Derek Chauvin, il poliziotto che ha ucciso George Floyd il 25 maggio del 2020 tenendogli un ginocchio sul collo per nove minuti e 29 secondi, è stato riconosciuto colpevole di omicidio. Se il filmato girato di nascosto col cellulare dalla 17enne Darnella Frazier è stato fondamentale perché la vicenda raggiungesse l'opinione pubblica, a incastrare Chauvin è stato il filmato della bodycam che la polizia non si è potuta esimere dal consegnare come prova, quando è stato richiesto. Un processo relativamente rapido, iniziato il 29 maggio del 2020, una sentenza che ha tenuto il mondo con il fiato sospeso in tutti i sensi perché le ultime parole di Floyd "I cant' breath" ne erano diventate il motto. Una sentenza attesa, ma quasi scontata, visto che poche ore prima persino il presidente degli Stati Uniti Joe Biden aveva detto che stava pregando perché la giuria arrivasse al giusto verdetto e aveva definito le prove contro il poliziotto "schiaccianti". Giuria alla quale anche il giudice titolare del processo, Peter Cahill, ha rivolto la raccomandazione di ragionare con calma, senza pregiudizi, senza lasciarsi influenzare da "generalizzazioni, sentimenti viscerali, stereotipi o pregiudizi inconsci" e prendendosi tutto il tempo necessario. Solo pochi giorni fa continuavano a susseguirsi le manifestazioni che invocavano una giusta sentenza, l'ultima il 13 aprile a Philadelphia dove i manifestanti indossavano mascherine con l'immagine di Floyd, e fuori dal tribunale di Minneapolis in attesa del verdetto, un grande striscione retto dalla folla ammoniva la giuria con la frase "The World Is Watching". Fra loro c'era la compagna di Floyd, Courtney Ross, che è scoppiata in lacrime appena appresa la notizia.

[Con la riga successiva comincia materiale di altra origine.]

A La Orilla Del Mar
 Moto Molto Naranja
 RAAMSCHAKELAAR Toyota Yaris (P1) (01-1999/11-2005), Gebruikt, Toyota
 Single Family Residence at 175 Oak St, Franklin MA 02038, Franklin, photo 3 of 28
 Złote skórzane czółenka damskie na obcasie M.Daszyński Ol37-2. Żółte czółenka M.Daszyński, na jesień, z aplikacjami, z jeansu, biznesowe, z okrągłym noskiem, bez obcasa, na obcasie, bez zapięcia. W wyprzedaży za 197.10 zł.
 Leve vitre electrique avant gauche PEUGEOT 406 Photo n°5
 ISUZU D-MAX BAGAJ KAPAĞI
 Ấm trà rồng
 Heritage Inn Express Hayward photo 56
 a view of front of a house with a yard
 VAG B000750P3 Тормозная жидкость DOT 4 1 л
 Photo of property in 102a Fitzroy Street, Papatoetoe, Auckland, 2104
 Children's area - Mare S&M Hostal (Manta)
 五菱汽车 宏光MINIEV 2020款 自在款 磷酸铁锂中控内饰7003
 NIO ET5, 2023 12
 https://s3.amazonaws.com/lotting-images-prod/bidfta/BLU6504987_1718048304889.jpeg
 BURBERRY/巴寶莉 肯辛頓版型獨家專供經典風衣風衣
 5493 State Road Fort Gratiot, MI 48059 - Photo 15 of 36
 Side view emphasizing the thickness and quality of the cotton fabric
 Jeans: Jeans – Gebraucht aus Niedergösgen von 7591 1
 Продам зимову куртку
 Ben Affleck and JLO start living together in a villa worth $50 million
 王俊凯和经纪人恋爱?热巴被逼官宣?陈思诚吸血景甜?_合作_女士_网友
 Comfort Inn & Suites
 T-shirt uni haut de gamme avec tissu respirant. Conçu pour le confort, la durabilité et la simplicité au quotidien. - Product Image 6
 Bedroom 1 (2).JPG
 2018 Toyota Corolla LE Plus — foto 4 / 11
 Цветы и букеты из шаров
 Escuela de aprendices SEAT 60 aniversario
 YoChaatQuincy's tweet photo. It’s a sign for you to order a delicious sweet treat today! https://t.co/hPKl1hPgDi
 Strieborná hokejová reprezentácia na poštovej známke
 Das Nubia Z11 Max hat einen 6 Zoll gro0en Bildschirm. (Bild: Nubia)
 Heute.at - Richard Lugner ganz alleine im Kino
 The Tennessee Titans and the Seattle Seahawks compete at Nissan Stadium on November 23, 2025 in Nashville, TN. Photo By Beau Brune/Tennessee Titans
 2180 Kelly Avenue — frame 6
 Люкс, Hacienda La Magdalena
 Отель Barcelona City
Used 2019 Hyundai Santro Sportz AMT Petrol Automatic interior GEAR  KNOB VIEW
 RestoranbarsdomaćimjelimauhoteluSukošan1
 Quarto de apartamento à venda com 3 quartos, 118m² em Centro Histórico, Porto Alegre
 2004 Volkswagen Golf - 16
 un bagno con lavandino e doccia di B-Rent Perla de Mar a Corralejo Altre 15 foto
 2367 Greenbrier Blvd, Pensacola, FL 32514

L'attesa era iniziata in tarda mattinata, dal momento in cui il sito web del tribunale della contea di Hennepin ha pubblicato un avviso in cui comunicava che era stato raggiunto un verdetto e che sarebbe stato letto tra le 15.30 e le 16.00 (ora locale), slittato poi un po' più avanti. Quella di George Floyd era considerata una sentenza cruciale per cercare di imprimere una svolta decisiva al dramma della police brutality che negli Usa si concentra con troppa intensità sulla comunità nera. La morte di George Floyd è stata solo l'ultima goccia che ha fatto traboccare un vaso già colmo dopo che, due mesi prima, il 13 marzo, la ventiseienne afroamericana Breonna Taylor era rimasta uccisa in una sparatoria scatenata dal poliziotti che avevano erroneamente fatto irruzione nella sua casa di Louiseville, nel Kentucky, durante un blitz antidroga. Solo poche ore prima della sentenza alcuni negozi stavano barricando le entrate e le vetrine per paura di una rivolta di Black Lives Matter, nel caso in cui il poliziotto fosse stato assolto. Invece si è scatenata la festa, con i clacson che suonano per le strade. L'unico che non ha nulla da festeggiare è Derek Chauvin, che ora rischia fino a 75 anni di detenzione. Ora si attende il processo per gli altri tre agenti che erano insieme a lui, che si terrà il 23 agosto.